K-means clustering. (Data Analysis -> Clustering -> K-means.) Tick Show cluster label on the right. The default number of clusters is 3 (in the field Number of). Perform the clustering for each pair of features (X and Y values). Do the clusters correspond to classes? Unfortunately we cannot tell. We could use the sample numbers to find out but the graph resolution does not allow us.
PCA can be found in Visualisation. Tick the options Data contains output and Classification D under parameters. Can PCA help to classify samples in this particular case? Check also the graph with %variance captured, which expresses the portion of variance in the data captured by individual principal components.
We will compare performance of two classification methods, SVM and MLP, on three datasets of selected genes, 3, 5 and 10 genes. Comparison will be done by means of the leave-one-out cross-validation method.
Note: You have to clear old and create new sessions before each experiment.

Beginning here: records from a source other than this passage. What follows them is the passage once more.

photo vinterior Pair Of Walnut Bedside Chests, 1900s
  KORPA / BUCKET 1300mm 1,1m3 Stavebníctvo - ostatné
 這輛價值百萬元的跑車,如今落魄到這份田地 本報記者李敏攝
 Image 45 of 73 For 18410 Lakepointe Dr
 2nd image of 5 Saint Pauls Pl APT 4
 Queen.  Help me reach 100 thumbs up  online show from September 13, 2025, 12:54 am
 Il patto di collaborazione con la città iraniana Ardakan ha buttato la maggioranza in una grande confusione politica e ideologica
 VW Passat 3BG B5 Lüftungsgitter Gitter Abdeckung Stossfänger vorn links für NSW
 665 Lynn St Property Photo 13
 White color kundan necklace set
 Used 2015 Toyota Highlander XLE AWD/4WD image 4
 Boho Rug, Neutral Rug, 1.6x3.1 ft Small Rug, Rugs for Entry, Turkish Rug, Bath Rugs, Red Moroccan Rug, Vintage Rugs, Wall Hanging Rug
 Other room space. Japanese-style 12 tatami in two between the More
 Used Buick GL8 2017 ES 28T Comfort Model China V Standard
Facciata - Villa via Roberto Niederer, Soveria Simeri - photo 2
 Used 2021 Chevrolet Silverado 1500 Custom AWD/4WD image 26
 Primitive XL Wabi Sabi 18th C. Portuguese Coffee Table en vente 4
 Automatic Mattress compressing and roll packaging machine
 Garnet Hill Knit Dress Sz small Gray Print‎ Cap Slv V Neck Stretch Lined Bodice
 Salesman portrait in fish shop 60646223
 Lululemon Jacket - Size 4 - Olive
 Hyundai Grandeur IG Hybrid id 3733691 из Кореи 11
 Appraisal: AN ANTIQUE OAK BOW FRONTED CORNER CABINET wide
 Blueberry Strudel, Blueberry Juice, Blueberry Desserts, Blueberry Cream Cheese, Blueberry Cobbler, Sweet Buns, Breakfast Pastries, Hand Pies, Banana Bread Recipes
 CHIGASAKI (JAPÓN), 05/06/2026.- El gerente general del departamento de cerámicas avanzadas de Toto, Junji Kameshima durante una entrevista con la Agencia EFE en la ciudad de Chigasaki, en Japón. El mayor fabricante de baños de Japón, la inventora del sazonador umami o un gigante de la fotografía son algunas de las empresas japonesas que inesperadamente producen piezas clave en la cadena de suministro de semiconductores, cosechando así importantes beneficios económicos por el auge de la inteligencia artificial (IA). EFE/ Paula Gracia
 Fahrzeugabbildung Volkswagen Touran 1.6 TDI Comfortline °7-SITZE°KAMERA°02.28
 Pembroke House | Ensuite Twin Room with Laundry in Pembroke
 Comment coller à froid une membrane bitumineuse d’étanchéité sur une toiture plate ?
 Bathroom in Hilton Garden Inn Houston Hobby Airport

In Modelling&Discovery dropdown menu choose cross-validation. Select the dataset. After clicking the Create Sessions action button choose Classification, then Support Vector Machine, then Linear with N/A option (or polynomial with a specified degree of the polynomial boundary), then Leave-one-out cross-validation, sequential sampling, and No normalisation, inductive (or transductive) training, no feature selection. Keep all created sessions highlighted and click Start button. When the the cross-validation is finished, press Visualise results.
In Modelling&Discovery
dropdown menu choose
cross-validation. Select the dataset.
After clicking the Create Sessions action button choose Classification,
then Multi-Layer Perceptron, then you have to choose network parameters.
Keep all the default parameters except the number of hidden neurons,
which you will experiment with. In your experiments, try 5, 10 and 20
hidden neurons.
Then select Leave-one-out cross-validation, sequential sampling, and
No normalisation,
inductive training (only inductive training will be used for MLP), no
feature selection.
Keep all created sessions highlighted and click Start button.
When the the cross-validation is finished, press Visualise results.